• 1
  • 3
  • 773
www.fasterlouder.com.au

Jello Biafra

Boulder, Colorado-born, Eric Boucher began life ‘small-town USA’ style, in front of the television absorbing all the menace and mirth it could spew out into his young mind. Not being the sporty type, he fixated on music, cartoons and news broadcasts in his free time, growing increasingly fascinated – and disgusted – by how atrocious world events were televised and reported on by his country’s media. The anger and bewilderment he experienced, combined with a natural gift for writing and self-expression, ultimately gave rise to Boucher’s notorious – at first on-stage only – persona, Jello Biafra. Whatever life had in store for small-town boy Eric Boucher, it was surely crushed once the mighty Biafra was ‘born’, and to this day, it is the peculiar name of Jello that continues to raise eyebrows and hackles conservative backs through-out small, big and all-towns-in-between, USA.

The mushy dessert of his name-sake, an easy to swallow, much loved children’s favorite may have been an ironic choice of pseudonym for the one-time Dead Kennedys’ singer, but Biafra has always been an unashamed attention seeker. He knew when he chose his tag, that every kid in the USA would at some time or another have been spoon-fed that very thing by a caring parental figure. Perhaps he saw his own high level absorption of crass news media as a rather tasteless kind of ‘spoon-feeding’, and so took a punt that if he was going to have a public forum to unleash his anti-establishment woes, then it was gonna come with a sweet and fluffy handle that nobody would forget!

Biafra’s most noted platform came in the form of punk legends The Dead Kennedy’s – once more, a name that was certain to stick in the public’s craw being a mere decade on from President Kennedy’s assassination – and perhaps for that reason, in their new home of San Francisco, Biafra and his band were treated as a blight on the landscape of a city under the spell of neo-hippie-dom and rising yuppie-dom. However, this didn’t prevent ‘Blight Biafra’ from raising sizeable interest in his absurdest campaign to become mayor of San Francisco in 1979, or even prevent The Dead Kennedy’s from charting with singles like Too Drunk To Fuck and Holiday In Cambodia. Biafra had proved beyond doubt he had enough support to be the voice for a broadening sector of society not content to just ‘suck it up’, and its precisely that voice – one that’s never waned in its convictions despite the trouble it’s bought him and his band – that has earned him a new career as a spoken word performer. The gloves will no doubt come off when Jello hits the stage for his Melbourne spoken-word debut in October – they certainly did when it came to answering some of FL’s questions in a rare, but utterly engaging interview.

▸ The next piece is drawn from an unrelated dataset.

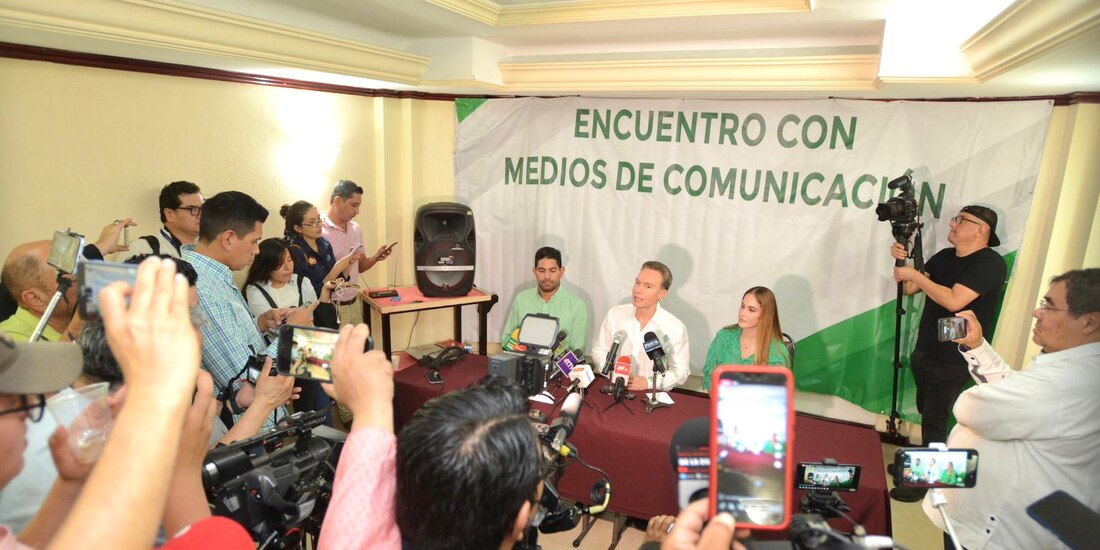 Velasco, con medios de Veracruz, ayer.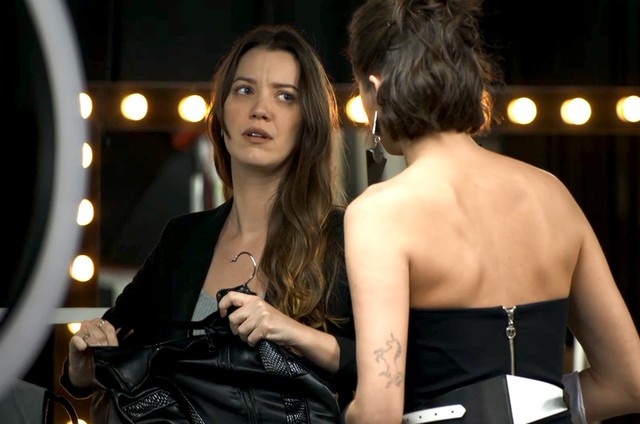 Fabiana e Josiane em cena da novela A Dona do Pedaço (Foto: Reprodução)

What can people expect coming to a Jello Biafra spoken word show these days?
Well I haven’t done one in a while, so I’m not quite sure what I’m going to discuss at this stage. I’ll just pull it all together at the last minute I’m sure. I mean events and news stories happen so fast these days, and I like my show to be right up to the minute, you know.

Do you see a lot of your – especially political – subject matter as relatable in countries outside of the US?
Yeah, I mean it seems as if nobody is spared the heavy handed moves by the banks and the super rich to step on the gas and ramp up the whole corporate coup, pushing the idea that community is a bad thing, and it doesn’t work. They just want it to be every one for themselves, conditioned to just make more and more money regardless of how and who it affects and that mindset is why you see basic social services suffering. The banks are desperately trying to save their own arses and so its community and environment be damned. I’ve heard rumblings from Australia about a carbon tax, and I’m sure any argument against that would bear more than a passing resemblance to the American Tea Party – a grass roots movement who were actually funded by oil barons and the like. These guys know not to pull out the white hoods, but you can see clearly where their loyalties lie.